- Problem requirements: Set down, exactly as written, the line containing "Hotel Artefes Old City" and all the lines that follow it to the end of the entries below, omitting every picture.

- Source information:
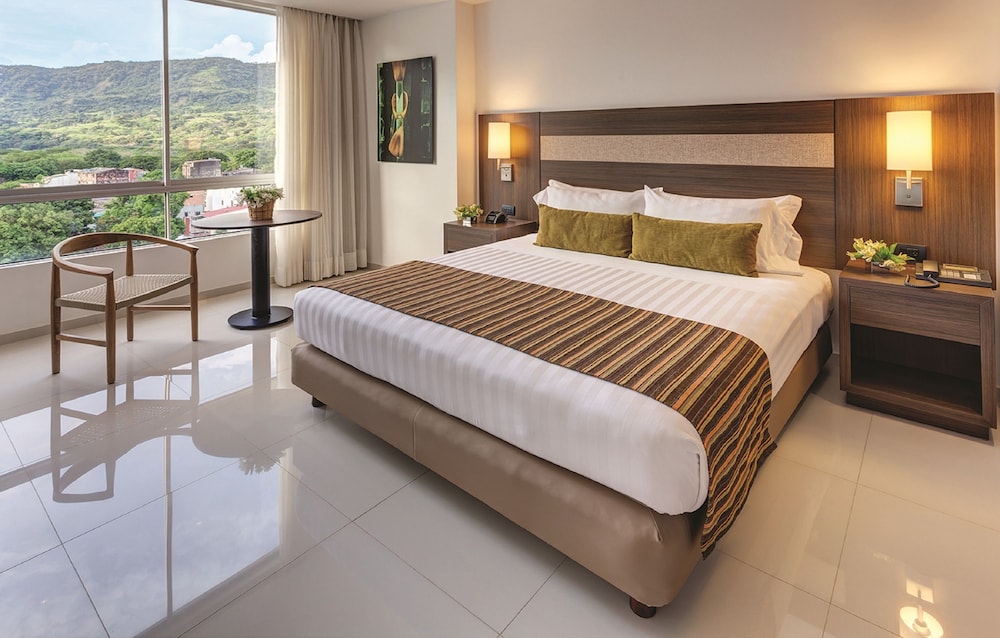 Deluxe Room, 1 King Bed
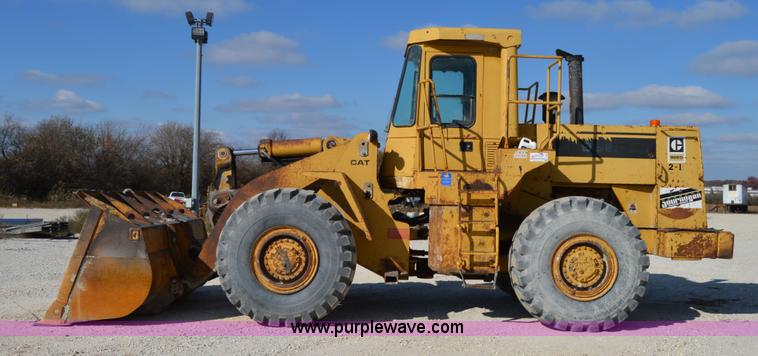 image for item I2929 1982 Caterpillar 966D wheel loader
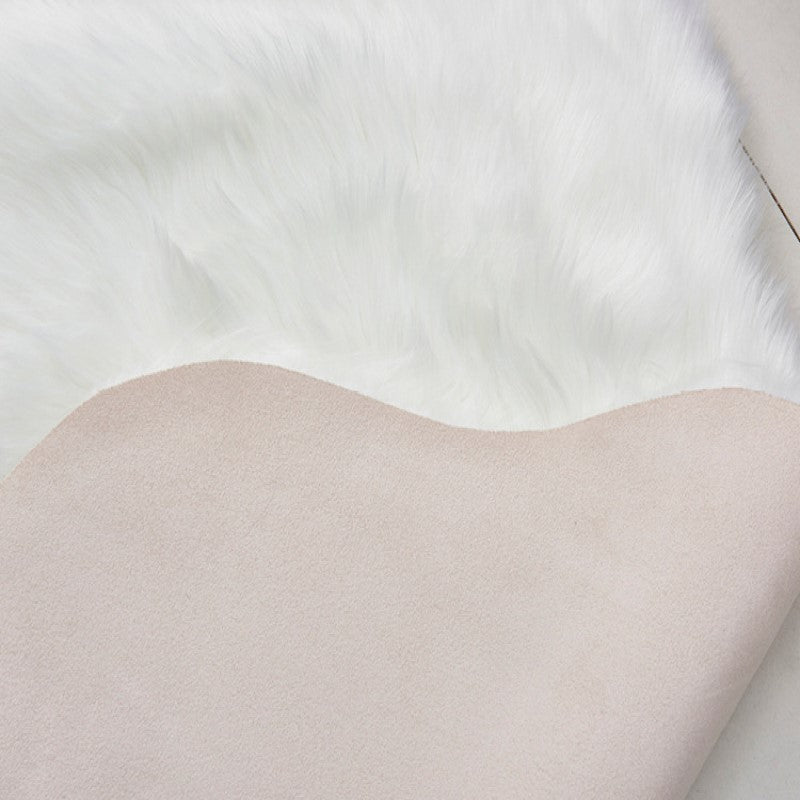 Creamy-white Oval Faux Rabbit Fur Plush Soft Shaggy Rugs For Living Room Nursery Bedroom Bedside Rugs Floor Mats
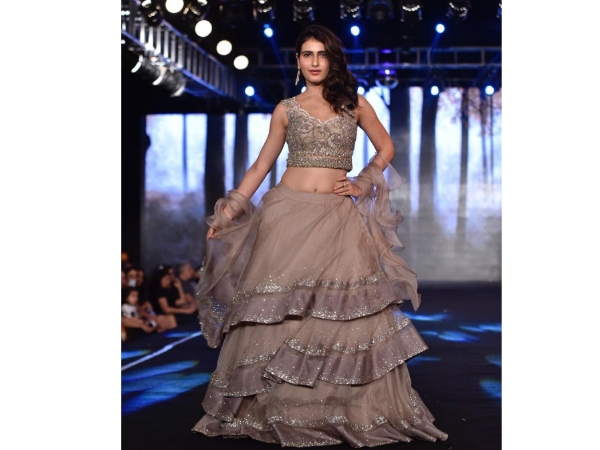 Fatima Sana Shaikh style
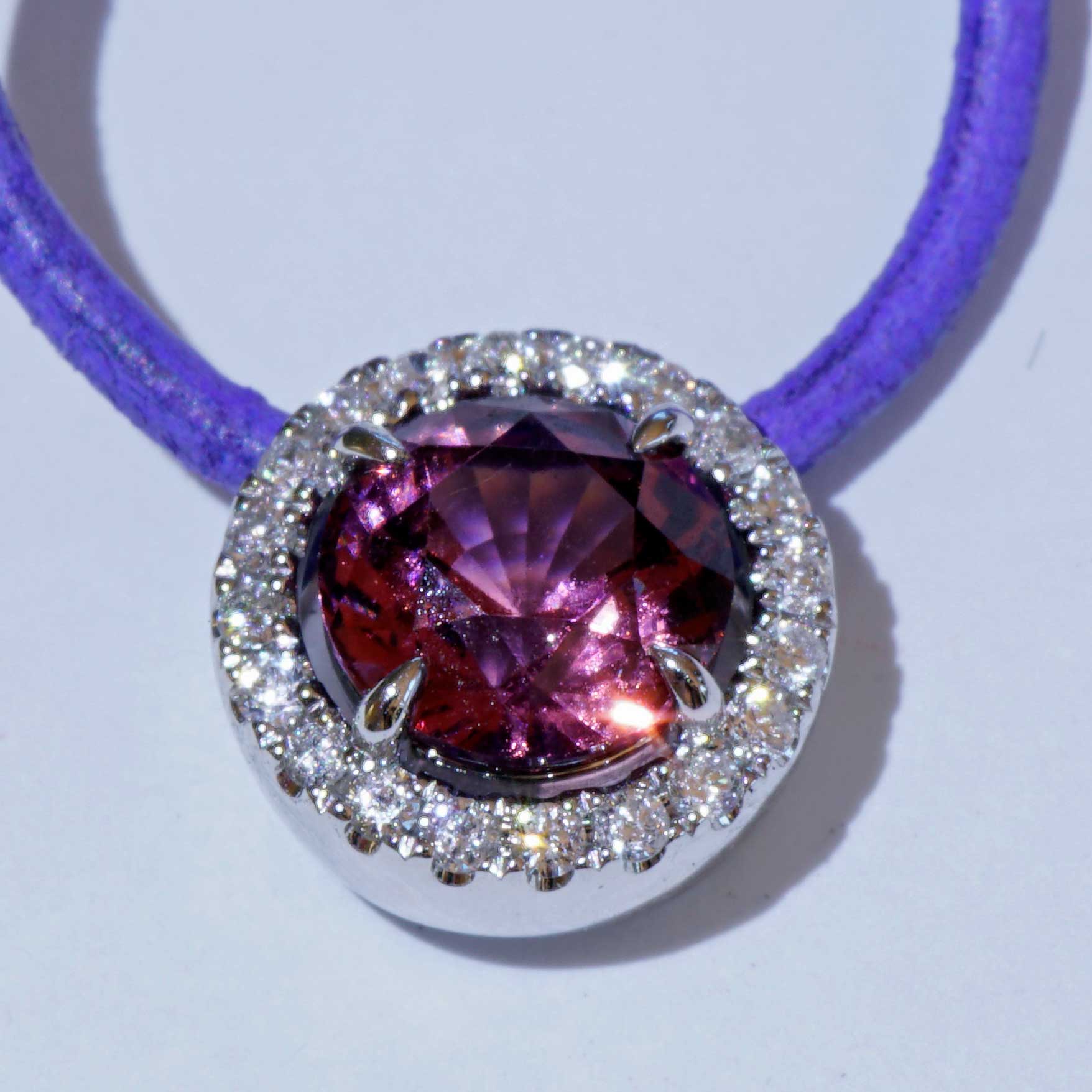Spinel Brilliant Pendant 1.50 ct 0.14 ct TW VS..natural Color pink-violet-aubergine 18kt White Gold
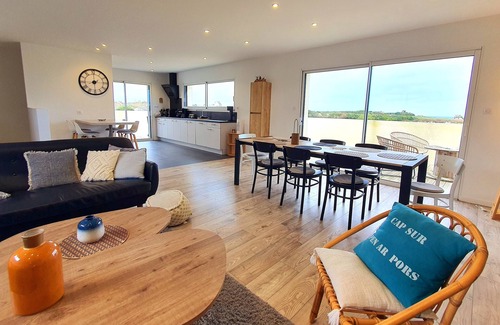 Plouescat House | Villa Pen Ar Pors, 8 people, pool, sea view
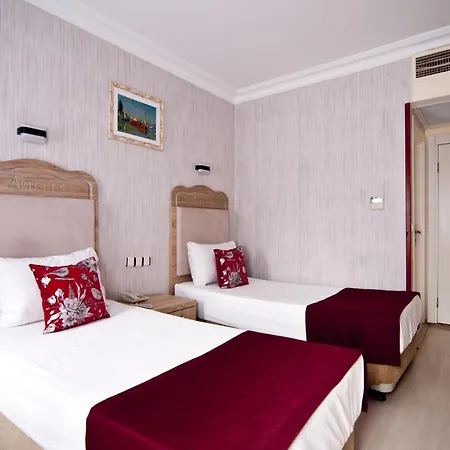 Hotel Artefes Old City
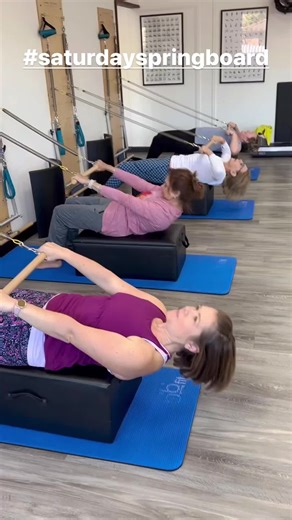 Pilates springboard classes are Top!!! Resistance training at its best! More challenging than the reformer in many ways, more ways to explore movement, it just doesn’t get better than this! We love it 🥰 #pilatesspringboard #pilatesforeverybody #saturdayspringboard #saturdaypilates #moveeveryday #movemnetheals #pilatesformemtalhealth #pilatesmakesyoufeelbetter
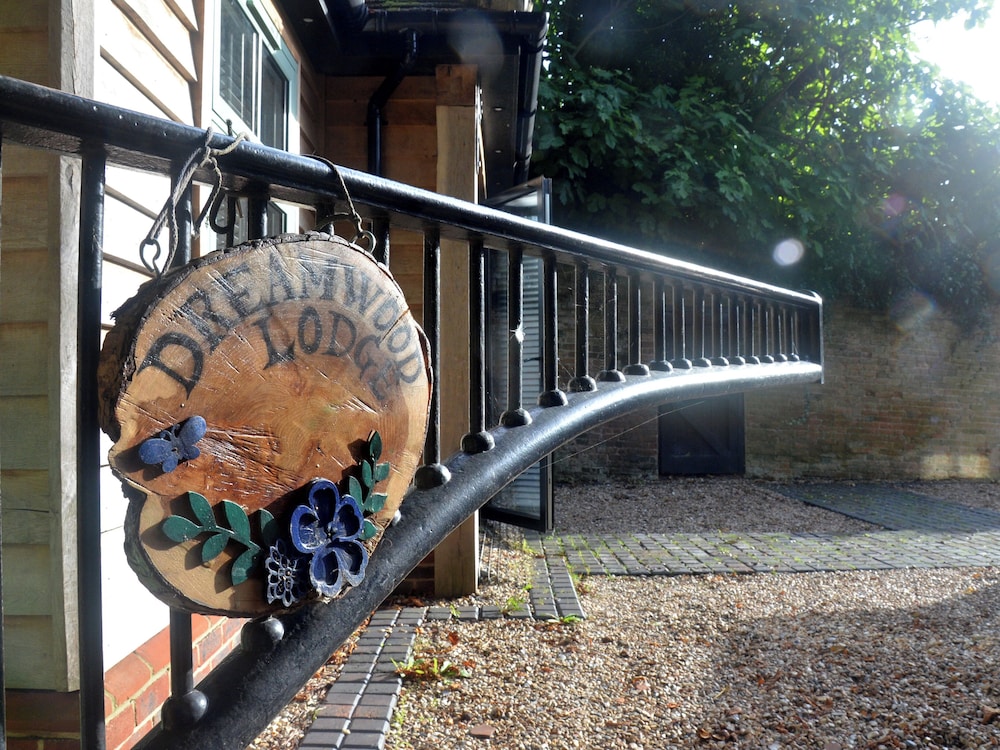 Dreamwood Lodge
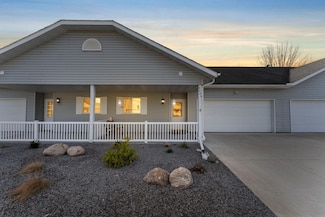 2889 Long Lake Dr, Stillwater, MN 55082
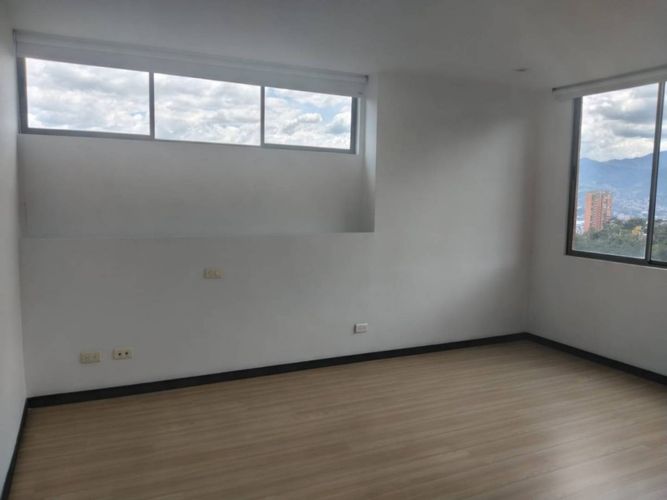 Apartamento en venta en Altos Del Poblado, Medellín · foto 9 de 18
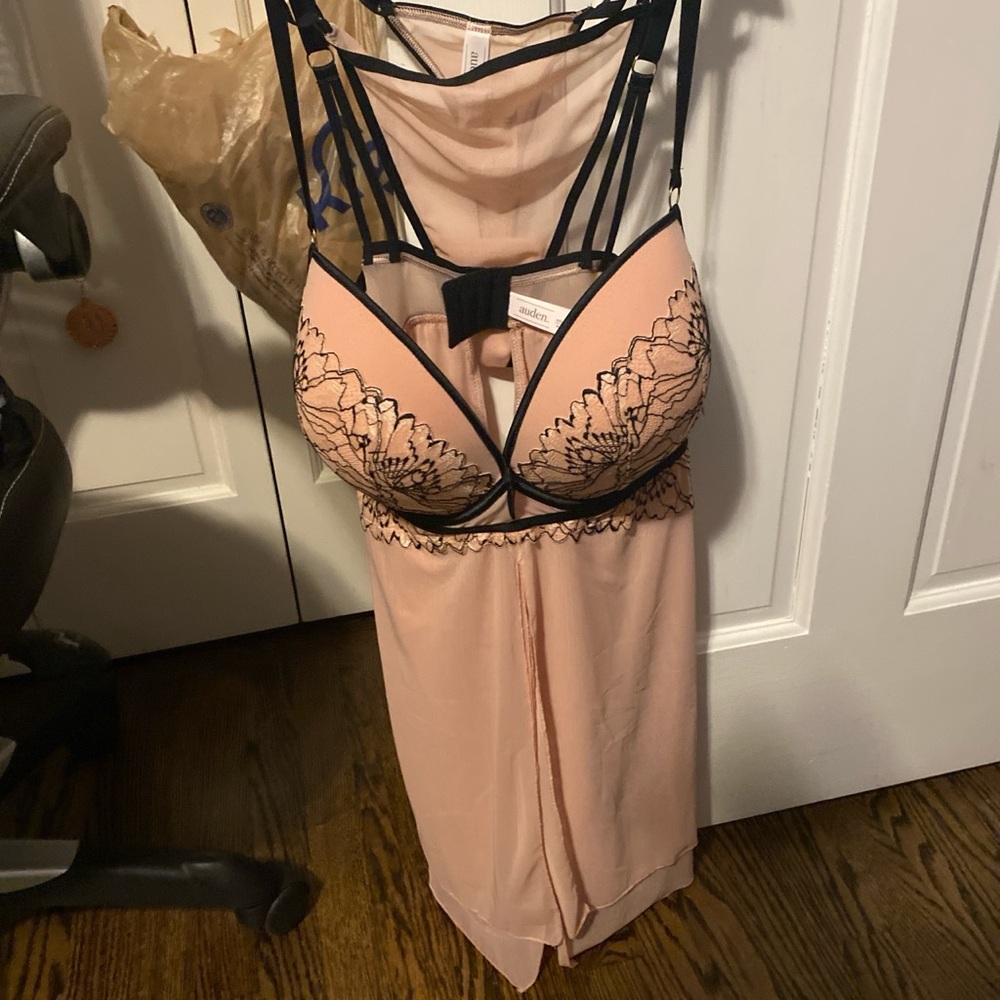 Women’s xl pink Auden lingerie set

- Task answer:
 Hotel Artefes Old City
 Pilates springboard classes are Top!!! Resistance training at its best! More challenging than the reformer in many ways, more ways to explore movement, it just doesn’t get better than this! We love it 🥰 #pilatesspringboard #pilatesforeverybody #saturdayspringboard #saturdaypilates #moveeveryday #movemnetheals #pilatesformemtalhealth #pilatesmakesyoufeelbetter
 Dreamwood Lodge
 2889 Long Lake Dr, Stillwater, MN 55082
 Apartamento en venta en Altos Del Poblado, Medellín · foto 9 de 18
 Women’s xl pink Auden lingerie set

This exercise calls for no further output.